Today is the United Nations International Day for the Elimination of Violence against Women, a fitting occasion to rehearse some of God’s thoughts on the matter. As it turns out, he has quite a lot to say about (and to) the sort of men who would ever dare harm their brides. Consider just a sampling:

“Husbands, love your wives, and do not be harsh with them” (Col. 3:19).

“Likewise, husbands, live with your wives in an understanding way, showing honor to the woman as the weaker vessel, since they are heirs with you of the grace of life, so that your prayers may not be hindered” (1 Pet. 3:7).

“But understand this, that in the last days there will come times of difficulty. For people will be lovers of self . . . proud, arrogant, abusive . . . heartless, unappeasable, slanderous, without self-control, brutal, not loving good, treacherous, reckless, swollen with conceit, lovers of pleasure rather than lovers of God, having the appearance of godliness, but denying its power. Avoid such people” (2 Tim. 3:1-5).

“Love is patient and kind; love does not envy or boast; it is not arrogant or rude. It does not insist on its own way; it is not irritable or resentful. . . . Love bears all things, believes all things, hopes all things, endures all things” (1 Cor. 13:4-7).

“Now the works of the flesh are evident . . . enmity, strife, jealousy, fits of anger, rivalries, dissensions, divisions, envy, drunkenness, orgies, and things like these. I warn you, as I warned you before, that those who do such things will not inherit the kingdom of God” (Gal. 5:19-21).

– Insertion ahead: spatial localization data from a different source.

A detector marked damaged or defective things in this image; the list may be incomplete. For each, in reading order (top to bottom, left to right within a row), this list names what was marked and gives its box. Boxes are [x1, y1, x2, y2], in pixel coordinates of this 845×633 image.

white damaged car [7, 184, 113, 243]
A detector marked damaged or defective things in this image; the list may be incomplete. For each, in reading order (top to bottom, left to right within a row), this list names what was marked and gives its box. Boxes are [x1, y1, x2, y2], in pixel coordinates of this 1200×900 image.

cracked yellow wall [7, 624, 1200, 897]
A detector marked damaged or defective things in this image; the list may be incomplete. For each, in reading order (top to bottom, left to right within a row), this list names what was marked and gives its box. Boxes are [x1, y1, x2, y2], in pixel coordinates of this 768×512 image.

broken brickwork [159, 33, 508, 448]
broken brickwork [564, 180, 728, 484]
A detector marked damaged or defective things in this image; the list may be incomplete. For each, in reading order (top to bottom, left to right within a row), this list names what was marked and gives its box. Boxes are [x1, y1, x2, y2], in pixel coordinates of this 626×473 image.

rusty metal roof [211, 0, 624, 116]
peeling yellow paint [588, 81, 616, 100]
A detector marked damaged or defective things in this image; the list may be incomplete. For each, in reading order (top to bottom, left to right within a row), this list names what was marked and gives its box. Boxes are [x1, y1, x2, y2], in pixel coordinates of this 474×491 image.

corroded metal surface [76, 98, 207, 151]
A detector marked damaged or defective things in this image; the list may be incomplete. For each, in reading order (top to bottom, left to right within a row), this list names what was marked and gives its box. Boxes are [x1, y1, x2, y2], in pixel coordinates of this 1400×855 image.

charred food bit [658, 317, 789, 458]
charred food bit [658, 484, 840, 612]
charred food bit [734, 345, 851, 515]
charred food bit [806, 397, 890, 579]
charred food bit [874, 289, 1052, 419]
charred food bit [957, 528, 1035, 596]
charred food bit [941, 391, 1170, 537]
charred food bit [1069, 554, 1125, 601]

“Let no corrupting talk come out of your mouths, but only such as is good for building up, as fits the occasion, that it may give grace to those who hear. And do not grieve the Holy Spirit of God, by whom you were sealed for the day of redemption. Let all bitterness and wrath and anger and clamor and slander be put away from you, along with all malice. Be kind to one another, tenderhearted, forgiving one another, as God in Christ forgave you” (Eph. 4:29-32).

“Repay no one evil for evil, but give thought to do what is honorable in the sight of all. If possible, so far as it depends on you, live peaceably with all. Beloved, never avenge yourselves, but leave it to the wrath of God, for it is written, ‘Vengeance is mine, I will repay, says the Lord'” (Rom. 12:17-19).

“Husbands, love your wives, as Christ loved the church and gave himself up of her. . . . In the same way husbands should love their wives as their own bodies. He who loves his wife loves himself. For no one ever hated his own flesh, but nourishes and cherishes it, just as Christ does the church” (Eph. 5:25, 28-29).

“[The] LORD was witness between you and the wife of your youth, to whom you have been faithless, though she is your companion and your wife by covenant. Did he not make them one, with a portion of the Spirit in their union? And what was the one God seeking? Godly offspring. So guard yourselves in your spirit, and let none of you be faithless to the wife of your youth” (Mal. 2:14-16).

“Know this, my beloved brothers: let every person be quick to hear, slow to speak, slow to anger; for the anger of man does not produce the righteousness of God” (James 1:19-20).

“[The LORD’s] soul hates . . . the one who loves violence” (Ps. 11:5).

That last verse is particularly scary, isn’t it? You’d think it would simply say God hates violence. Instead, it says God hates the violent. He hates wife-beaters.

No matter how it’s spun, abusing women is unacceptable. Always. No asterisks.

God calls husbands to love their wives (Col. 3:19; Eph. 5:25, 33), to enjoy them (Eccl. 9:9), to understand them (1 Pet. 3:7), to honor them (1 Pet. 3:7), to nourish them (Eph. 5:29), to cherish them (Eph. 5:29), to provide for them (1 Tim. 5:8), to praise them (Prov. 31:28), and, well, you get the point.

Brothers, may the Lord deliver us from ever tolerating a pugnacious coward who would dare damage one of his beautiful image-bearers.